Repeat every record below exactly, leaving out the pictures.

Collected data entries

########################################

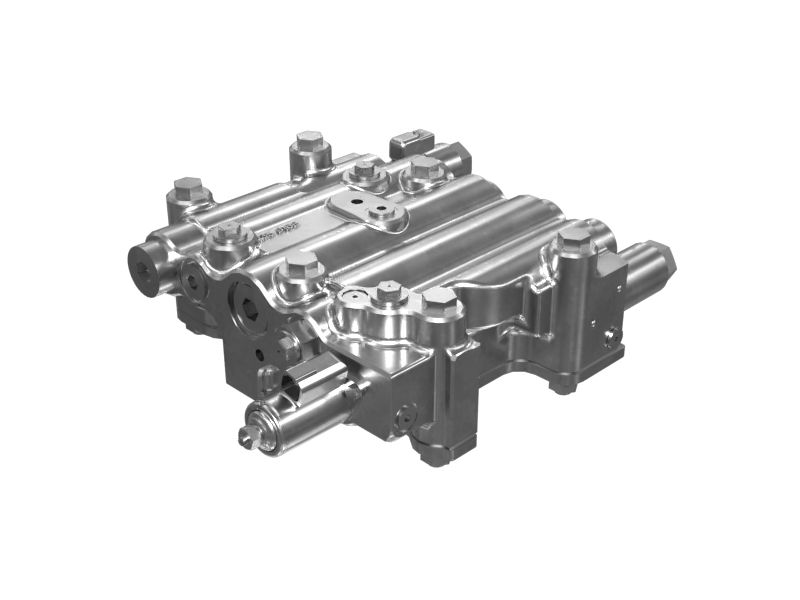 БЛОК УПРАВЛЯЮЩЕГО КЛАПАНА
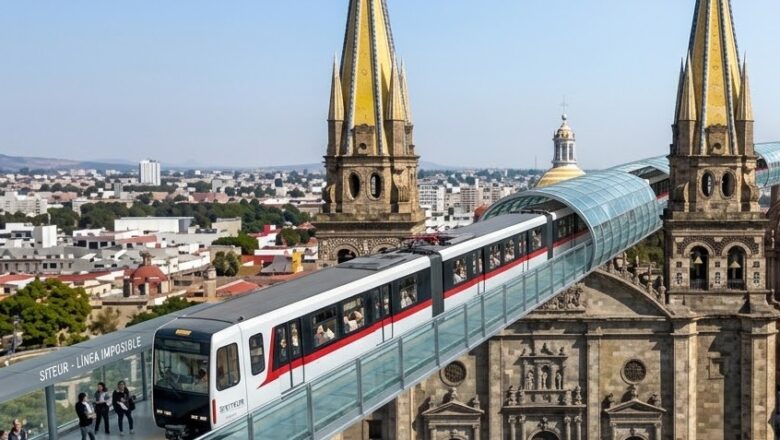 Guadalajara sin metro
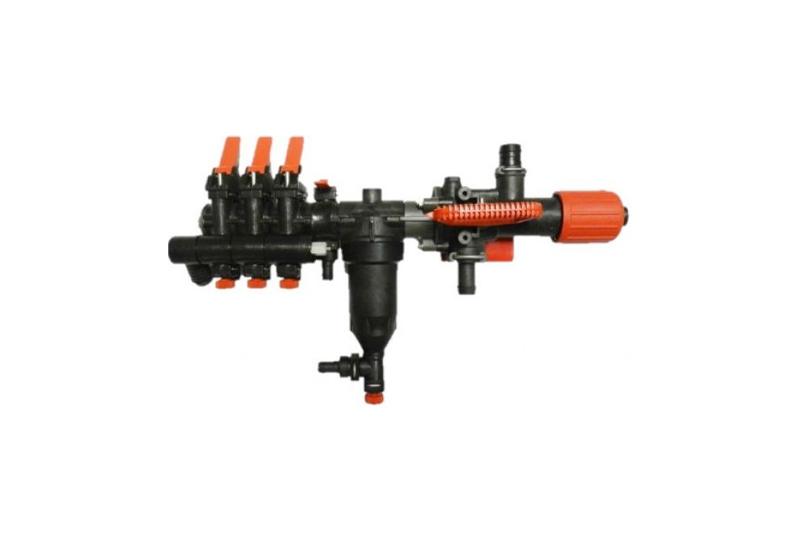 Delovi za regulator PR3BF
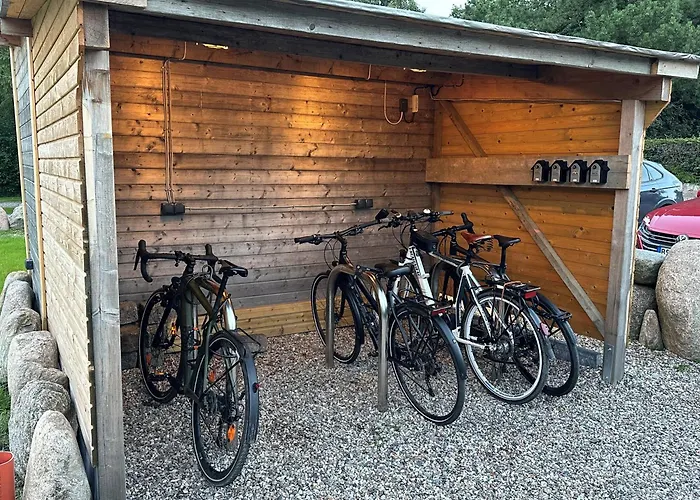 Linnebarg Hus 2 * Fehmarn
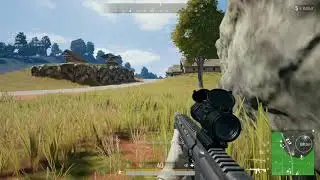 PLAYERUNKNOWN'S BATTLEGROUNDS | Снято с помощью GeForce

########################################

• **RESULT OF THIS TASK**
 БЛОК УПРАВЛЯЮЩЕГО КЛАПАНА
 Guadalajara sin metro
 Delovi za regulator PR3BF
 Linnebarg Hus 2 * Fehmarn
 PLAYERUNKNOWN'S BATTLEGROUNDS | Снято с помощью GeForce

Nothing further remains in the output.